En los años que abarcan mis recuerdos, ha habido un descenso agudo en el respeto por la edad. Sabemos que este descenso comenzó a moverse tan pronto como se destruyó el mundo anterior a la Primera Guerra Mundial. Un mundo “seguro” de acuerdo al ambiente que tenía para las naciones más importantes, las que estaban -dentro del espléndido continente europeo- a la cabeza de la corrección, del orden, de la vida amable.
Cuán vasta fue la decepción para aquellos que tuvieron el privilegio de vivir dentro de aquel mundo, al contemplar más tarde la verdad de aquella seguridad; comprobar, durante la Segunda Guerra Mundial, lo hueco de aquella civilización.
Aquella época previa a la guerra, en la cual los jóvenes usaban gafas sin necesitarlas, y se cubrían el rostro con una barba a fin de disfrazar su juventud -a lo Freud-, época en la cual ser “respetable” era una aspiración digna de los mayores esfuerzos, fue la última depositaria de todo el respeto por la edad, que el hombre siempre mantuvo, de lo cual son testimonios los primeros consejos de ancianos, que se pierden en la distancia del nacimiento mismo de la historia; los primeros jueces, los primeros guías de las cosas profundas del hombre.

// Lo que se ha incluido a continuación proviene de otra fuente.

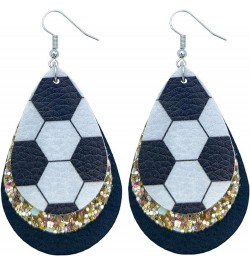 Colorful World Cup Soccer Leather Dangle Earrings Glitter Layered Sports Lover Ball Teardrop Earrings for Women Girls Jewelry...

La actual falta de respeto a la edad humana no es otra cosa que el producto secundario de la perplejitud frente a los altos valores del hombre, que dos guerras, las más terribles que se conocen, convirtieron en añicos.
Las guerras son cosa vieja, y el hombre siempre estuvo, más o menos, familiarizado con ellas. También conoció ejércitos enormes; en el 490 antes de Cristo, diez mil griegos organizados como ejército -en el sentido moderno del término- rechazaron a cien mil infantes persas y diez mil jinetes en Maratón. En Alesia, cerca de Dijon, en Francia, el ejército de César, compuesto de sesenta mil hombres, se vio atrapado por cien mil galos que venían en defensa del sitiado Vercingetorix.

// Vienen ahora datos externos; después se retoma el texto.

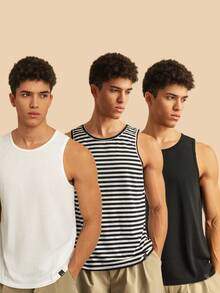 SWAVVY 3 件套男士春夏休闲背心套装无袖纯色度假基本款背心，适合男友礼物 - 黑與白 - 查看 9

Bajo Augusto César se organizaron 25 legiones de doce mil hombres, formando un ejército de trescientos diez mil militares bajo el mando supremo de Augusto.
Pero nunca estuvo el individuo más incapacitado que hoy para protegerse. Su atacante de otro tiempo se le colocaba a corta distancia y la capacidad combativa, el valor y la destreza, constituían una seguridad para el hombre.

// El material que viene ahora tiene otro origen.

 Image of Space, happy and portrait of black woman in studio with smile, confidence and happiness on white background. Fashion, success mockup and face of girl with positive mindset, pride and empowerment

Esos tiempos se fueron. Con la Primera Guerra Mundial se acabó la caballerosidad que tras muchos siglos de práctica guerrera llegó a alcanzar el combatiente, y entonces se conoció una nueva dimensión de la muerte en masa.
La Segunda Guerra Mundial trajo aun nuevas magnitudes de horror y aniquilamiento. Se conocieron términos tales como campos de exterminio, nombres de lugares como Auschwitz, sucesos como los de Pearl Harbor, acontecimientos como la caída de la primera bomba atómica sobre Hiroshima.
Pero acontecimientos trascendentales habrían de seguir conmocionando al hombre; llegaron nuevas guerras aisladas, en función de tumores acusando una infección medio escondida en un grupo de jefes políticos que, escudados en intereses supuestamente religiosos, movidos por el poder y el dinero, mantienen sobre la humanidad el peligro de una catástrofe sin precedentes.
Peligro que se mantiene latente mediante anuncios del alcance y precisión de proyectiles y cohetes intercontinentales y alguna vitrina de exhibición de poderío bélico.
¿Quién podría escapar al horror de un conflicto armado entre las grandes potencias del mundo actual? ¿Qué rincón del globo podría considerarse seguro? Nunca hasta ahora hubo tanto poder en manos de tan pocos.
Y tanto peligro.
Eso asusta y desconcierta internamente.
Por eso es tan inquietante que el gran poder bélico pueda estar en manos inadecuadas y erráticas.
Especialmente cuando se trata de grandes potencias.